The system of the tea auctions is closely linked to former British Rule, with trade platforms set up in newly independent producing countries and providing efficient tools for the sale of commodity teas into mainstream markets, be they basic packed bulk teas or tea blends for tea bags.
There are also multinational tea packers that source big volumes directly from their own estates and blend their commodity teas for the mass market, packed or in tea bags. Many of these teas are mechanically harvested. With Unilever’s Lipton brand as number one, the 10 biggest operators concentrate 27 percent of the global retail value, according to Euromonitor International.
Finally, there are the instant tea manufacturers, which supply the ever-growing RTD market, and such leaf will be purchased as commodity teas. ITC data finds the biggest instant tea producers today are China, India, Kenya, Chile and Argentina.
China: The Cradle of Tea
China is where the tea bush has prospered for nearly 5,000 years, has been cultivated for over 3,000 years, and where hundreds of different tea varieties have developed according to climate, soil and specific environments. Most people will drink their local teas. “In China, we do not blend teas,” said Yun Jing Zhong, aka Vivien Messavant, who runs the oldest Chinese tea house in Paris. “All our many different teas have a specific taste, cup colour and leaf shape, blending does not make sense.”
China does not have tea auction centres. “It does not appeal either to the producers or to the wholesale agents to negotiate on a public platform,” said Kelly Ye from the Guangzhou International Tea Trading Centre (GTTC), which launched in 2010 to replace the traditional Fang Cun tea market with its hundreds of small family-run tea shops. “But we are aware of the need to have an international trade platform, so we offer good visibility to the well-established regional brands and suggest that they go for more transparency, namely by labelling product details and prices in our GTTC showrooms,” she said. “We hope that it will work out, but it is the opposite of a privately negotiated contract.”
French tea expert, Katrin Rougeventre, said with China having become the biggest player as the world’s number one tea producer and consuming 86 percent of its output, they are living by their own rules. There are no Chinese commodity teas on the market in China, but there are some big volume bulk green teas, which are custom-made for export.
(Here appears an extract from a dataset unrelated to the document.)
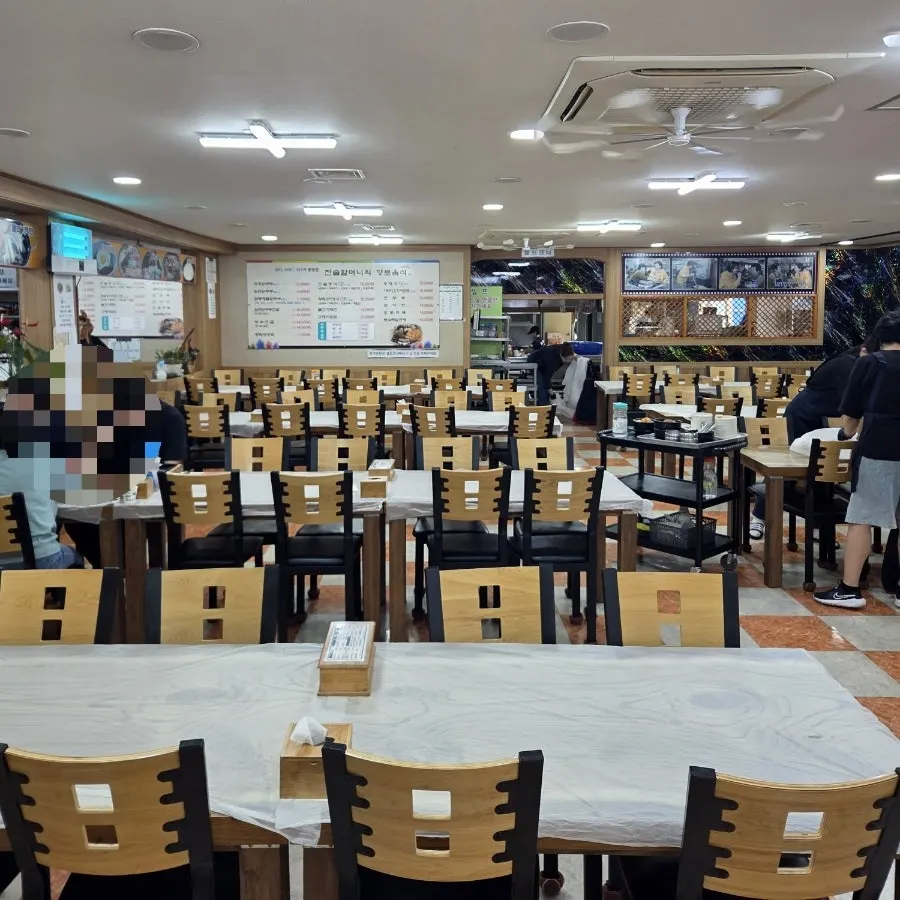 Restaurant tables arranged with plenty of space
Even the black CTC teas, sourced by Unilever Lipton China from the Dianhong Company in Yunnan to make British-style tea bags for Western consumers in China are origin teas, as they come from one specific area. There are no commodity teas in Japan or Korea.
With a growing awareness in the West of the fine qualities of origin teas, there is a strong trend towards introducing high-end and value-added teas. Many producing countries have begun investing in specialty teas, and now consumers can buy white teas from Kenya, Sri Lanka and from Indonesia, and green teas and wulong teas from India. More options, new products, innovative processing will make tea even more attractive, thereby increasing consumption and higher retail value. However, the market will continue to rely on the bulk of commodity teas, in order to offer an affordable cup to the millions of consumers who will not go without their favourite beverage.